何の意味もないこの時間が次第に心地良くなります。
眠りへの道
まだトタンという物が使われていた時代。
畳が敷き詰められた部屋に布団を敷き、昼寝という時間がありました。
熱い寝苦しい夏の昼寝にふと薄暗くなり、パタン、パタンと音が鳴り始め、熱風が心地よい冷えた風に変化します。雨樋を水が流れ、溢れた水は地面に落下し水溜りを作ります。バシャバシャと音がして、まだまだ降り止まぬ雨を教えてくれます。耳をすませばたくさんの水音がします。ポタポタ、パタパタ……トントンと。そんな音と涼しい風が汗ばむ体を冷やし、気がつけば優しい眠りに落ちてしまいます。
仲間と笑う瞬間
大人になれば雨を避け、雨を嫌うようになります。
自転車に乗り、街を走り抜けている時に予期せぬ大雨に出会う時があります。傘もなく、雨宿りするでもなく雨の中をあてもなく走ります。髪も服もびしょ濡れになればなるほど、もっと、もっと、何もかもびしょ濡れに!と望みながら走ります。
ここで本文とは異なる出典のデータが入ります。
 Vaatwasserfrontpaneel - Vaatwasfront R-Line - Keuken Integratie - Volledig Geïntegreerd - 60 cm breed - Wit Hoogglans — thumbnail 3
ふと雨が静かになり、仲間全員の頭が冷静になった時、自転車を止めてお互いにびしょ濡れの姿を見て爆笑した。何がおかしいのか、自分だってグチャグチャなのになぜか笑いが込み上げてきます。
限られた仲間との時間、みんなでおんなじ目にあった者同士はまるで歴戦の勇者同士になった気分になり笑い合う。
あの子を想う
雨というプライベート空間は、寂しさも感じます。電話が気になります。あの子はどうしてるだろう?楽しかった事、腹が立ちドアを蹴った事。下着姿で甘く抱き合った事。別れた時、前が見えなくなるほど泣いた事。
不思議と晴れの日より雨の日の方が思い出されます。拙い自分を思い出し、恥ずかしくも滑稽な過去を時も忘れて考え、気がつけば濡れた壁も地面も雨上がりを教えてくれます。
新しく歩き出さなきゃと背中を押された気分になります。凸凹した関係だったけど、きっとお互い違う道を歩く事もお互いの為になると。何かふっきれ天気と同じ晴れ晴れとした気になる事あります。
受け入れることで得る快楽
ハードボイルドな主人公は雨の日に傘をささず、濡れて折れ曲がったタバコを咥え空を見上げます。きっとそれが快楽なのではないでしょうか?
憂鬱な思いを受け入れ、雨と向き合うともしかしたらあなただけの空間快楽を感じるかもしれませんよ。